Activity
Restate word for word the lines of the records below, starting at the line that contains "Labradorite Half Moon Necklace" and ending at the line that contains "Quirks! Christmas Set", with both of those lines included and nothing else.

Data provided
..............................

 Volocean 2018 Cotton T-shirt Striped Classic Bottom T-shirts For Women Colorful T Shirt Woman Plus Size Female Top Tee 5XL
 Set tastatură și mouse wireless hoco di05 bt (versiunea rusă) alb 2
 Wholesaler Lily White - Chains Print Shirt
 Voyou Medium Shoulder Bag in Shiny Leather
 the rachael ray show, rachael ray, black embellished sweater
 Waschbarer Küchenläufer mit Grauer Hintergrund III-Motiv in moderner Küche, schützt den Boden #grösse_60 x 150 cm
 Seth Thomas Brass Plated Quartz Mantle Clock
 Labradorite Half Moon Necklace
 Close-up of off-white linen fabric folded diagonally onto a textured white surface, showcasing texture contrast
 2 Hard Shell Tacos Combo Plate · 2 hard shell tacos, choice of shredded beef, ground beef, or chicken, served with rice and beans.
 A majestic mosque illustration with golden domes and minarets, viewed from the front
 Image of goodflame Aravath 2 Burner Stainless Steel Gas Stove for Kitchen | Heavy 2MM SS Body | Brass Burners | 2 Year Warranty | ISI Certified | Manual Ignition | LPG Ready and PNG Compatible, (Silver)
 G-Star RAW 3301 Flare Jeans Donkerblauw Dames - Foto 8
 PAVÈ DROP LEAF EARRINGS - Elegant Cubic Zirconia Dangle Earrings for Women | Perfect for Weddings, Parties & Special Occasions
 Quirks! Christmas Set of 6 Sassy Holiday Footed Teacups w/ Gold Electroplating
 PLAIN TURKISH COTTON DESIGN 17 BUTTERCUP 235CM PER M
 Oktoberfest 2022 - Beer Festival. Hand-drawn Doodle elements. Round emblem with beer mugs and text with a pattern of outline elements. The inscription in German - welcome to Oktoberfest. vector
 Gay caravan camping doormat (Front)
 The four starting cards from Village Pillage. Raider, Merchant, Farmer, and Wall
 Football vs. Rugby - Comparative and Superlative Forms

..............................

Reply
 Labradorite Half Moon Necklace
 Close-up of off-white linen fabric folded diagonally onto a textured white surface, showcasing texture contrast
 2 Hard Shell Tacos Combo Plate · 2 hard shell tacos, choice of shredded beef, ground beef, or chicken, served with rice and beans.
 A majestic mosque illustration with golden domes and minarets, viewed from the front
 Image of goodflame Aravath 2 Burner Stainless Steel Gas Stove for Kitchen | Heavy 2MM SS Body | Brass Burners | 2 Year Warranty | ISI Certified | Manual Ignition | LPG Ready and PNG Compatible, (Silver)
 G-Star RAW 3301 Flare Jeans Donkerblauw Dames - Foto 8
 PAVÈ DROP LEAF EARRINGS - Elegant Cubic Zirconia Dangle Earrings for Women | Perfect for Weddings, Parties & Special Occasions
 Quirks! Christmas Set of 6 Sassy Holiday Footed Teacups w/ Gold Electroplating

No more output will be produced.